Referring to fig. 1, a method for manufacturing a diced battery is provided for an embodiment of the present disclosure, and the method includes a dicing processing step and a light injection processing step, where the light injection processing step and the dicing processing step are performed in different chambers or the same chamber of the same laser apparatus.

According to the preparation method of the sliced battery provided by the embodiment of the disclosure, the battery piece is subjected to scribing treatment and light injection treatment by using the same laser device, and the battery piece is prevented from being moved to different device platforms when being subjected to two different treatments, so that the preparation efficiency of the sliced battery is improved, and the occupied area of the device can be reduced.

In one embodiment, the scribing step and the light injection step are performed in different chambers of the same laser device, and the different chambers respectively have a first laser light source and a second laser light source, and the second laser light source is a laser light source different from the first laser light source. And in the scribing treatment step, scribing is carried out by using a first laser light source, and in the light injection step, light injection is carried out by using a second laser light source.

The first laser light source can be selected from an infrared laser light source, a green laser light source or an ultraviolet laser light source. The second laser light source is selected to be an infrared laser light source.

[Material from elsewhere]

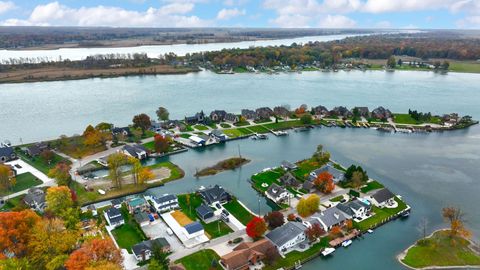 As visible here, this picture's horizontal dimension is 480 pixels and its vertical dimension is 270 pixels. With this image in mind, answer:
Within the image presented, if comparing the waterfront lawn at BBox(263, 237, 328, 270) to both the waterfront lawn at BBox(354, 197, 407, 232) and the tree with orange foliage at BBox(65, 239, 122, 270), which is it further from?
the tree with orange foliage at BBox(65, 239, 122, 270)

The first laser light source and the second laser light source are different laser light sources, and obviously, when the first laser light source is selected as a green laser light source or an ultraviolet laser light source, the second laser light source is an infrared laser light source, and the first laser light source and the second laser light source are two different laser light sources. When the first laser light source and the second laser light source are both infrared laser light sources, the two infrared laser light sources can be respectively selected to be a near-infrared laser light source and a far-infrared laser light source.

In another embodiment, the scribing step and the light injection step are performed in different chambers of the same laser device, the different chambers are respectively provided with a third laser light source and an LED light source, the scribing step is performed by using the third laser light source, and the light injection step is performed by using the LED light source. The third laser light source can be selected from an infrared laser light source, a green laser light source or an ultraviolet laser light source.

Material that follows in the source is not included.